In this work, uniform dispersed gold nanoparticles (Au NPs) with an average diameter of ca. 25nm were loaded on graphitic carbon nitride nanosheets (g-C3N4 NSs) as co-catalysts via a facile one-step method. The morphology, composition, and crystallinity of the as-prepared products were well characterized by a variety of analytical methods. Results showed that the Au/g-C3N4 nanocomposite plasmonic photocatalysts with optimal loading of 2.0 wt% Au exhibited the highest photoactivity for H2 production under visible light irradiation (λ≥400nm) using triethanolamine (TEOA) as sacrificial reagents, which was almost 5.3 times higher than pure g-C3N4. In addition, through directly adding a cheap dye Eosin Y (EY) into the reaction suspension, the photocatalysis system showed a dramatically enhanced H2 evolution rate of 660.8 μmol/h•g that was about 3.5 times higher than that of the 2.0 wt% Au/g-C3N4 composite.

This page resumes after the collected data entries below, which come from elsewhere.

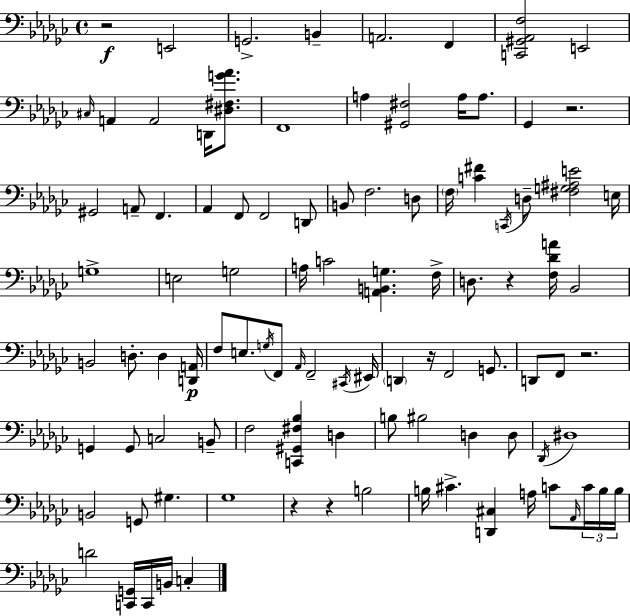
{
  \clef bass
  \time 4/4
  \defaultTimeSignature
  \key ees \minor
  r2\f e,2 | g,2.-> b,4-- | a,2. f,4 | <c, gis, aes, f>2 e,2 | \break \grace { cis16 } a,4 a,2 d,16 <dis fis g' aes'>8. | f,1 | a4 <gis, fis>2 a16 a8. | ges,4 r2. | \break gis,2 a,8-- f,4. | aes,4 f,8 f,2 d,8 | b,8 f2. d8 | \parenthesize f16 <c' fis'>4 \acciaccatura { c,16 } d8-- <fis g ais e'>2 | \break e16 g1-> | e2 g2 | a16 c'2 <a, b, g>4. | f16-> d8. r4 <f des' a'>16 bes,2 | \break b,2 d8.-. d4 | <d, a,>16\p f8 e8. \acciaccatura { g16 } f,8 \grace { aes,16 } f,2-- | \acciaccatura { cis,16 } eis,16 \parenthesize d,4 r16 f,2 | g,8. d,8 f,8 r2. | \break g,4 g,8 c2 | b,8-- f2 <c, gis, fis bes>4 | d4 b8 bis2 d4 | d8 \acciaccatura { des,16 } dis1 | \break b,2 g,8 | gis4. ges1 | r4 r4 b2 | b16 cis'4.-> <d, cis>4 | \break a16 c'8 \grace { aes,16 } \tuplet 3/2 { c'16 b16 b16 } d'2 | <c, g,>16 c,16 b,16 c4-. \bar "|."
}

It is proposed that the combination of dye sensitization with EY and plasmonic modification with Au NPs for g-C3N4 NSs could efficiently increase the density of photogenerated electron–hole pairs, facilitate the separation of charge carriers and consequently enhance the photoactivity for H2 evolution. The present work not only shows the possibility for the utilization of EY as an efficient photosensitizer and Au as H2 production co-catalysts to co-promote the photocatalytic performance of g-C3N4, but also offers a simple, low-cost, and convenient method for constructing other efficient plasmonic-metal/semiconductor heterostructures for plasmon-enhanced photocatalytic applications.